Stucco work reached new heights during Baroque period. Renaissance period provided smoother stucco surfaces in buildings to contrast the rusticated stone’s corners of openings. Post Renaissance period saw festoons and medallions of stucco on exterior walls. During Gothic period stucco work applied to wood a lath lattice was used for creating intricate ceiling patterns. Walls had cornices, freezes and panels over wood base. It was also realized that a plain wood wall was darker in colour and was susceptible to fire on the other hand stucco or gypsum-covered walls could be painted by water-based coatings (lime-wash, calcimine, distemper, etc.) and, these were fire resistant.
The basic ingredient for stucco work has been Lime, with addition of Gypsum and marble dust. Other reinforcing additives were hair, fibres, stone chips, etc. Gypsum was costly material, yet it was used with marble dust for imitation marble finishes called Scagliola. Since industrial revolution Portland Cement is being added, and in last 50 years polymeric binders are included.

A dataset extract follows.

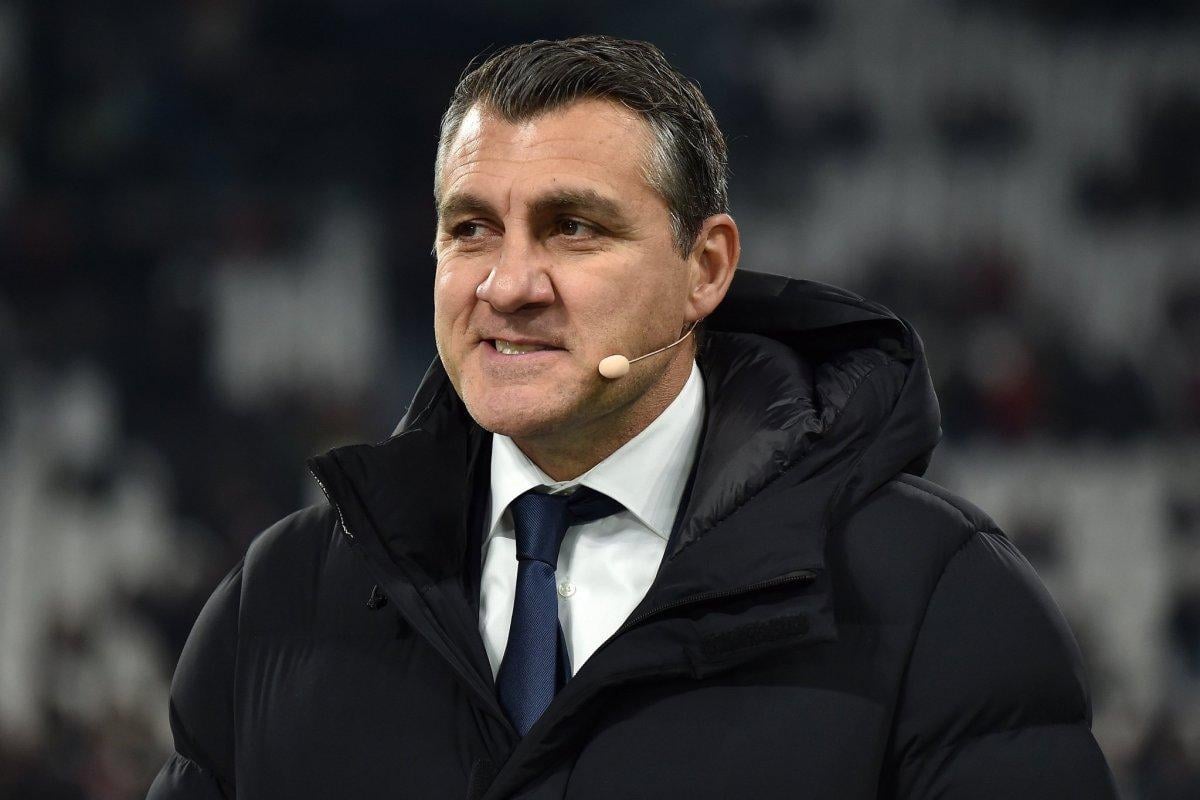 Christian Vieri: Haaland gibisini görmedim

Stucco and Plaster work have overlapping interpretations. Plaster is comparatively planer work, created from Gypsum, Lime or Portland Cement and applied for surface levelling and waterproofing. Stucco can have the same materials but applied for creating designs, patterns and statuettes, on internal and external surfaces. The base surface could be structural elements like slabs, walls, and framed or latticed work. Stucco were once created from slow setting lime or gypsum but nowadays could have chemical and polymer binders. High bodied paint formulations applied with texturing tools are also used.